• Records supplied:
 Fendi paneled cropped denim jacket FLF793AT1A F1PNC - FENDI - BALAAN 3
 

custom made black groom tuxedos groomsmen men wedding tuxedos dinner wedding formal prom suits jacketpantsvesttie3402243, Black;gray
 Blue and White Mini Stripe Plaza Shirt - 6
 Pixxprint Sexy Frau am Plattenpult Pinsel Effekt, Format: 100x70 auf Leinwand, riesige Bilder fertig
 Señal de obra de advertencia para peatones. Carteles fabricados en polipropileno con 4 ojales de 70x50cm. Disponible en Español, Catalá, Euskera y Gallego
---
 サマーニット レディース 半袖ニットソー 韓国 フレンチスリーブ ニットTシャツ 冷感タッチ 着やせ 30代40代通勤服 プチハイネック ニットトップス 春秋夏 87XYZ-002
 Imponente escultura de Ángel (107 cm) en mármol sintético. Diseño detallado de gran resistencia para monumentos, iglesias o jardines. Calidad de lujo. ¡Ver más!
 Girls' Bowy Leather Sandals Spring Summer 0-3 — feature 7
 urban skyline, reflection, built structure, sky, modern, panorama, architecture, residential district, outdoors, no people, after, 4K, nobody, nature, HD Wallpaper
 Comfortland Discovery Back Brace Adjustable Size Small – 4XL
* * *
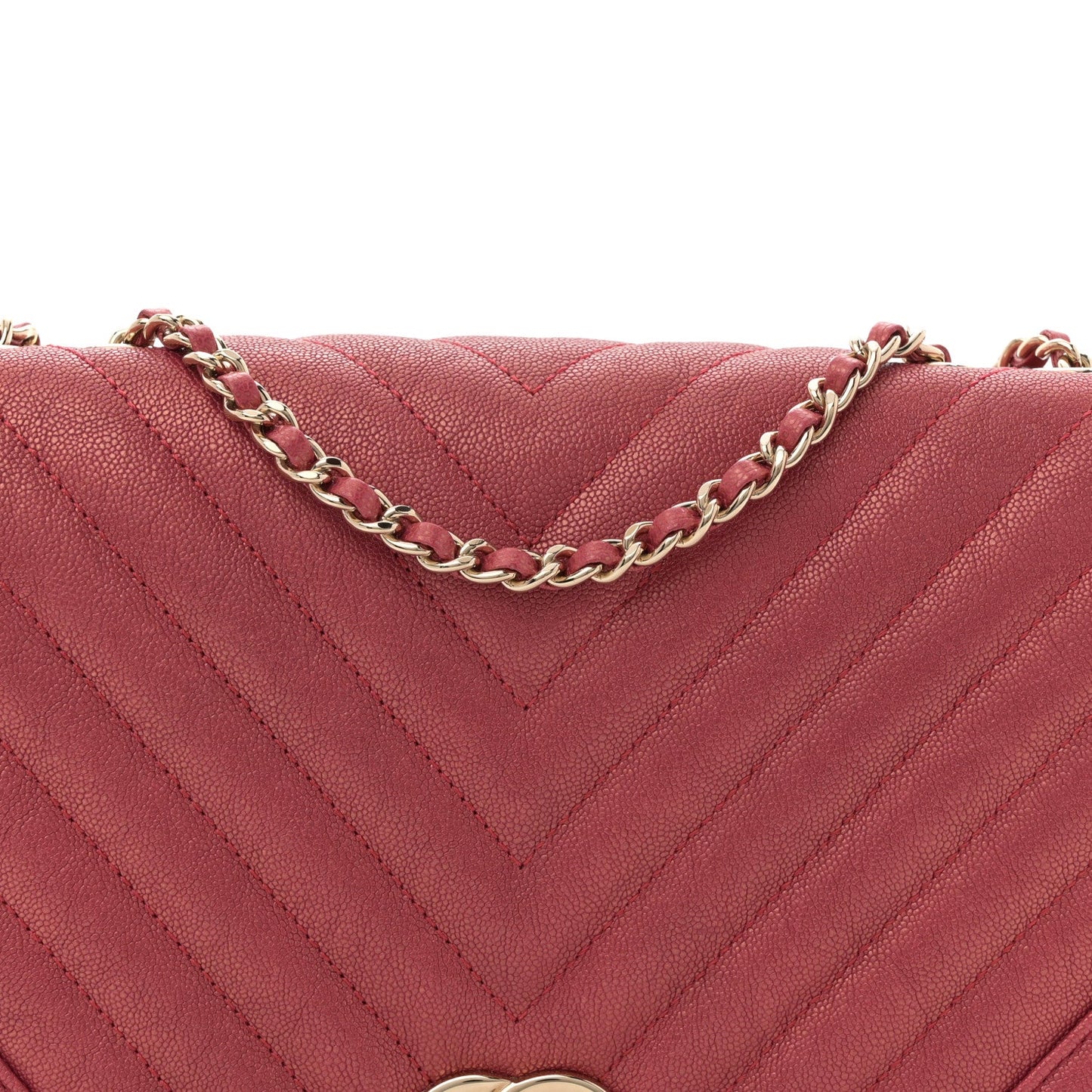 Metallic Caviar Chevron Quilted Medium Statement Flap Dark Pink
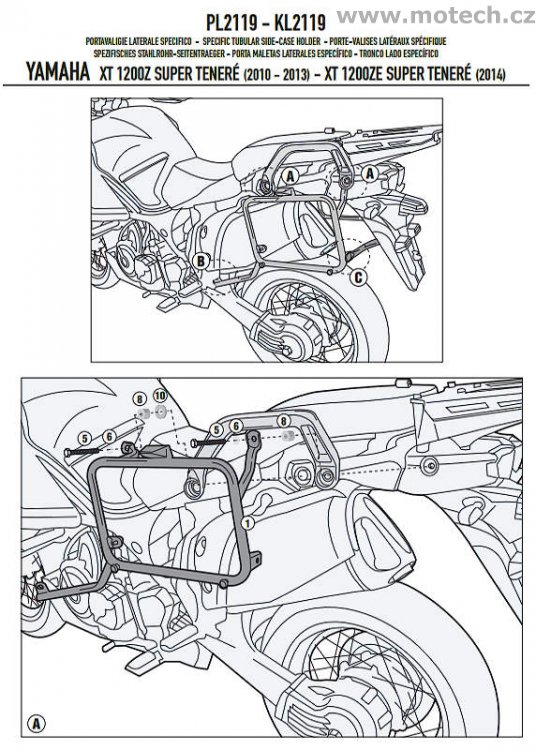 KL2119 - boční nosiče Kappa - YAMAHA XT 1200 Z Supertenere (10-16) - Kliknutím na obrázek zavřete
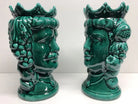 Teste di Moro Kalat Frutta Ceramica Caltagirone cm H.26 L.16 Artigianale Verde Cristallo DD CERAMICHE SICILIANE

• Problem to solve:
Reproduce the entries above exactly, but only the lines between the line holding "Fendi paneled cropped" and the line holding "Pixxprint Sexy Frau", inclusive.

• Task result:
 Fendi paneled cropped denim jacket FLF793AT1A F1PNC - FENDI - BALAAN 3
 

custom made black groom tuxedos groomsmen men wedding tuxedos dinner wedding formal prom suits jacketpantsvesttie3402243, Black;gray
 Blue and White Mini Stripe Plaza Shirt - 6
 Pixxprint Sexy Frau am Plattenpult Pinsel Effekt, Format: 100x70 auf Leinwand, riesige Bilder fertig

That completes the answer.